Grande grupo saiu da Feliciano Sodré e percorreu a Lúcio Meira, recebendo apoio dos teresopolitanos

Grande grupo saiu da Feliciano Sodré e percorreu a Lúcio Meira, recebendo apoio dos teresopolitanos

– “Não queremos só nosso salário, queremos uma cidade melhor para todos nós”, enfatizam

Basta foi a palavra de ordem dos servidores públicos municipais nesta terça-feira, durante manifestação realizada na frente da Câmara Municipal no momento que os vereadores votavam as contas do governo Arlei Rosa referentes ao ano de 2012. Munidos de faixas, cartazes, apitos, panelas e com muita disposição, os funcionários cobraram a saída imediata do gestor municipal, apontado, junto boa parte dos vereadores – que se omitiu do papel de fiscaliza-lo, como responsável pela crise administrativa e financeira que passa o município. “Hoje temos muito menos gente do que em manifestações anteriores, mas hoje temos qualidade muito grande. Há duas semanas estávamos reivindicando salários e hoje estamos aqui para exigir que o prefeito seja posto para fora. Não estamos só pensando no bolso da gente, mas na cidade onde moramos”, enfatizou o professor Alfredo Bittencourt.

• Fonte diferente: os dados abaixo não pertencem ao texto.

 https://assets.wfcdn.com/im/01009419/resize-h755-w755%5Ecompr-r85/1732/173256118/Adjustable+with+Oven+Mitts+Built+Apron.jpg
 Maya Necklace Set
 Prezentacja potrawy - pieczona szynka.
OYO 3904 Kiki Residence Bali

Os manifestantes tomaram conta de metade da Avenida Feliciano Sodré, recebendo novamente apoio dos motoristas que passavam pela avenida e atendiam a mensagem escrita em um dos cartazes: “buzine contra o prefeito ladrão”. Faixas de “Fora Arlei” e “Câmara, estamos de olho” também voltaram ao movimento que, segundo informado pelo professor Alfredo, teve represálias por parte dos cargos de direção das secretarias. “Eles estão ameaçando cortar o nosso ponto, nossa hora extra. Quantos foram coagidos pelos chefes ontem para não estar aqui? E nós estamos aqui, vendo como resultado que o prefeito não vai poder ser candidato mais (devido à reprovação das contas referentes ao ano de 2012). É o resultado dessa cobrança e não podemos deixar aquelas vozes que gostam que falar que as pessoas não gostam de protestar, que o servidor aceita tudo… Estamos aqui mostrando que não é verdade”, completou Alfredo, bastante aplaudido pelos colegas.

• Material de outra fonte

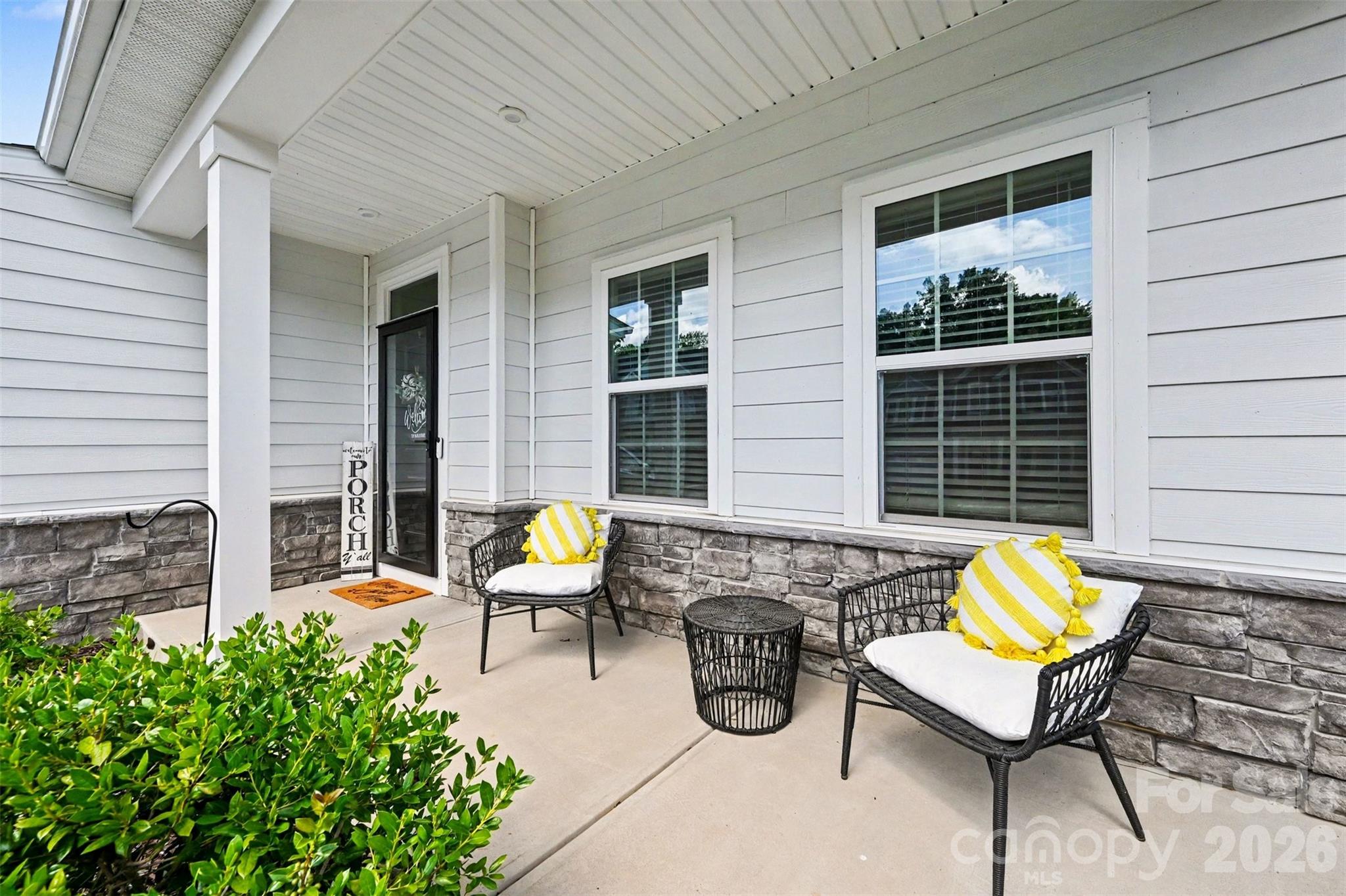 8504 Everwood Avenue — Huntersville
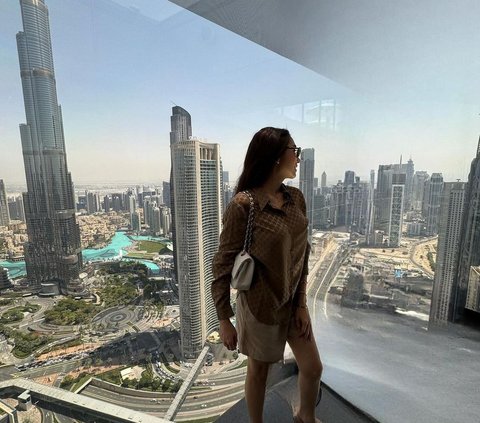 10 Portraits of Angel Karamoy's Vacation in Dubai, Her Face After Plastic Surgery Highlighted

Outros servidores municipais utilizaram o microfone para pedir o afastamento de Arlei Rosa e ainda reforçar que os problemas vão muito além do grande atraso nos salários, como vem acontecendo nos últimos meses. “Falta tudo na área de saúde. Estou cansada de ver nosso povo sofrendo, ficando sem um remédio simples porque os recursos que existem não estão chegando como deveriam”, questionou uma servidora aposentada.

 

 

Na porta do MP, foi escolhida comissão para participar de reunião com o Promotor

Na porta do MP, foi escolhida comissão para participar de reunião com o Promotor

Manifestação popular e apoio do MP

Outro questionamento foi em relação ao grande número de falta dos vereadores. Defensores de Arlei Rosa, Dr. Carlão, Habib, Anginho, Dedê e Luciano de Vargem Grande não compareceram ao trabalho nesta terça-feira, evitando assim ter que votar novamente as contas do prefeito. Ao final da reunião, os servidores públicos municipais seguiram em caminhada pelas Avenidas Feliciano Sodré e Lúcio Meira, até chegar ao Ministério Público, na Rua Francisco Sá. Pelo caminho, receberam apoio dos teresopolitanos com aplausos e muitas buzinadas.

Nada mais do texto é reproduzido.